STORED DATA:

+===+

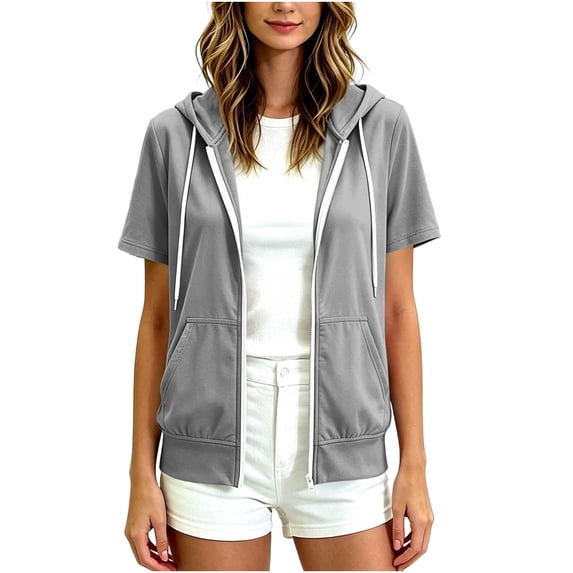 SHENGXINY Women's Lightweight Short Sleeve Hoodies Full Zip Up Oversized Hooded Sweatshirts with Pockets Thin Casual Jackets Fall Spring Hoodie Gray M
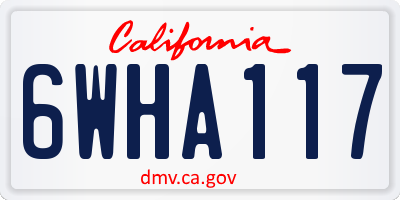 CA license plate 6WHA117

+===+

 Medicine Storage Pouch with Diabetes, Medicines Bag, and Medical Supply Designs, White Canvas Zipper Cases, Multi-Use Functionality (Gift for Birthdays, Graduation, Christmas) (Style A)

+===+

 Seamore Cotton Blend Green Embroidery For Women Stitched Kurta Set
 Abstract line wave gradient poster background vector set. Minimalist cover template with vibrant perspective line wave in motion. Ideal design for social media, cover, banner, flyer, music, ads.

+===+

WHAT TO PRODUCE: Copy word for word only the lines above from the one with "SHENGXINY Women's Lightweight" through the one with "CA license plate 6WHA117". Leave pictures out.

TASK RESPONSE:
 SHENGXINY Women's Lightweight Short Sleeve Hoodies Full Zip Up Oversized Hooded Sweatshirts with Pockets Thin Casual Jackets Fall Spring Hoodie Gray M
 CA license plate 6WHA117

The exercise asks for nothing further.